◆ **Records shown**
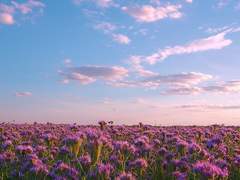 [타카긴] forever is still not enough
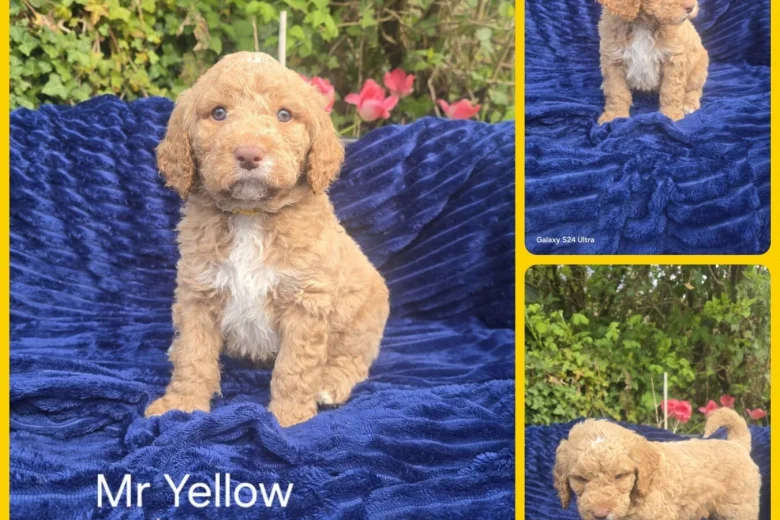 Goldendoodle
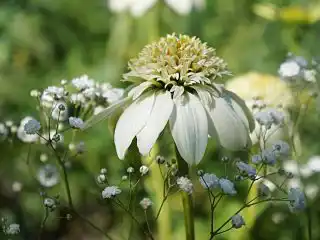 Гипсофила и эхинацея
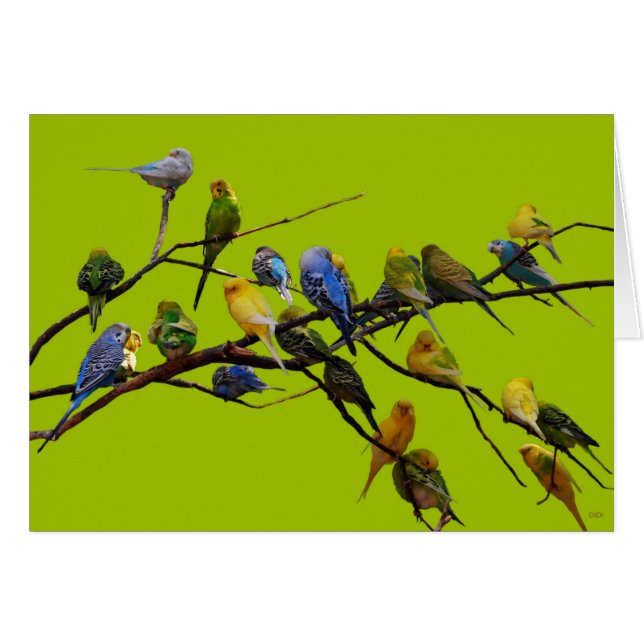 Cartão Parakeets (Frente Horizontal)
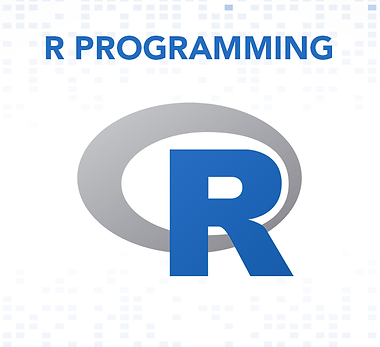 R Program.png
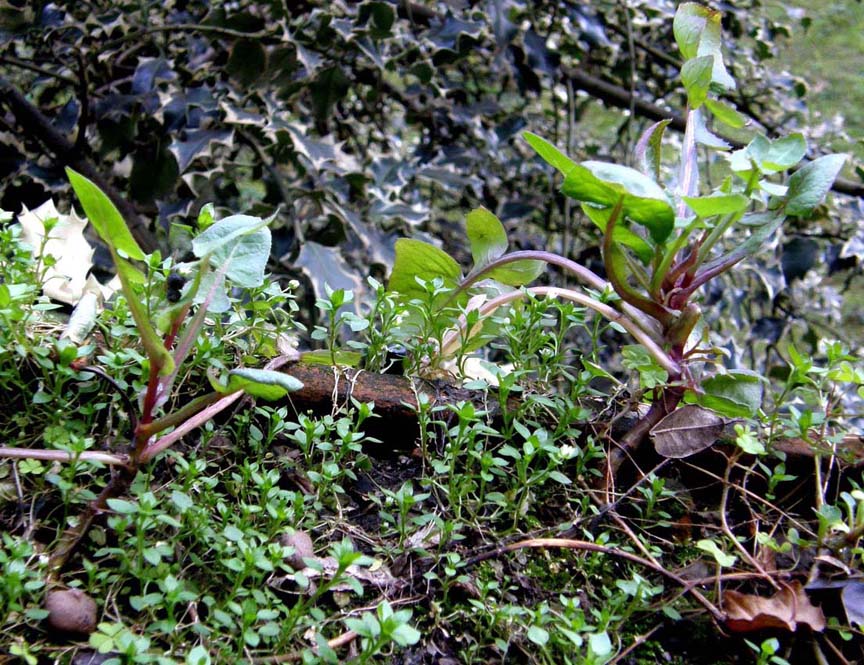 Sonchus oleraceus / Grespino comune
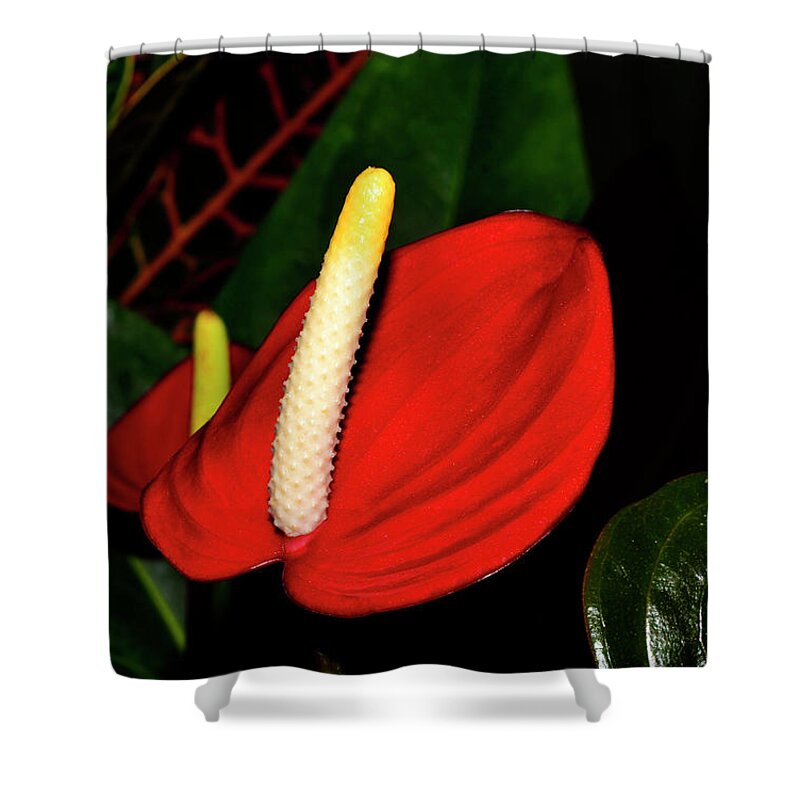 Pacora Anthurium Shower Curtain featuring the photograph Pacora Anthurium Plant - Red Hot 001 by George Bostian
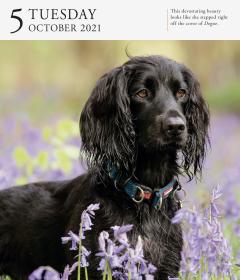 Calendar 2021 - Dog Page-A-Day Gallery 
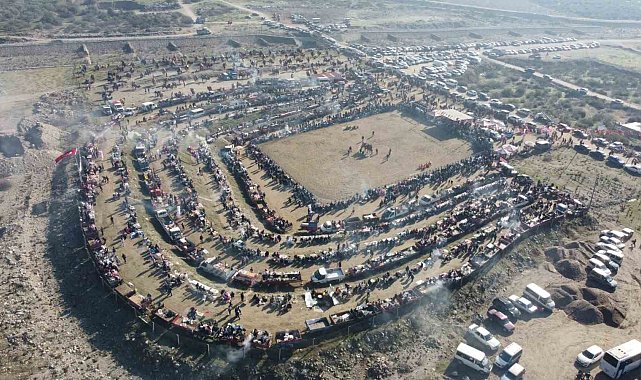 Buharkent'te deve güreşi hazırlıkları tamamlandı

* * *

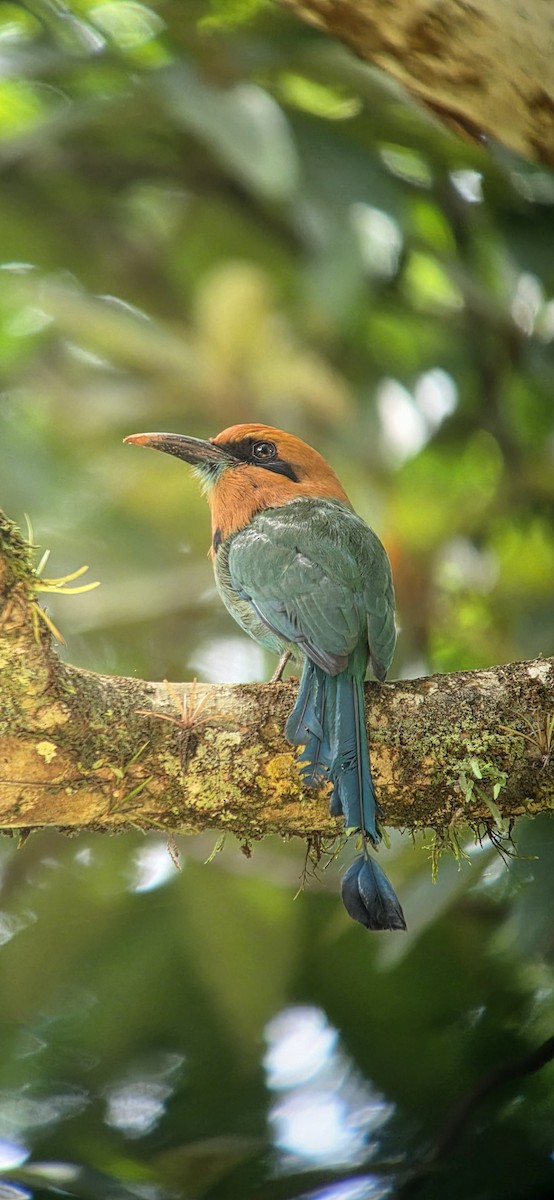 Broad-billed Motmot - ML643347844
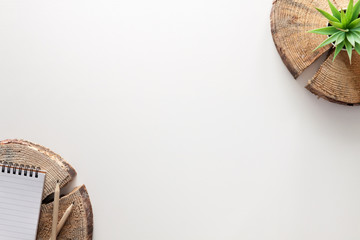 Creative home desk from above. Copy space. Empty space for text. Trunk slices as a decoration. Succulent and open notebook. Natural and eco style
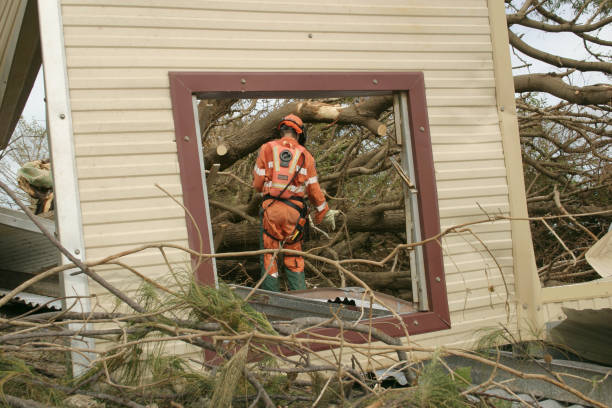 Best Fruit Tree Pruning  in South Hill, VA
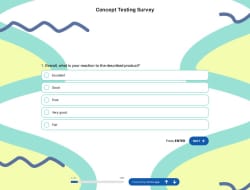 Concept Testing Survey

◆ **Your objective**
The answer should consist only of the lines above from the one with "Cartão Parakeets (Frente Horizontal)" through the one with "Buharkent'te deve güreşi", repeated exactly, with no pictures among them.

◆ **Exercise solution**
 Cartão Parakeets (Frente Horizontal)
 R Program.png
 Sonchus oleraceus / Grespino comune
 Pacora Anthurium Shower Curtain featuring the photograph Pacora Anthurium Plant - Red Hot 001 by George Bostian
 Calendar 2021 - Dog Page-A-Day Gallery 
 Buharkent'te deve güreşi hazırlıkları tamamlandı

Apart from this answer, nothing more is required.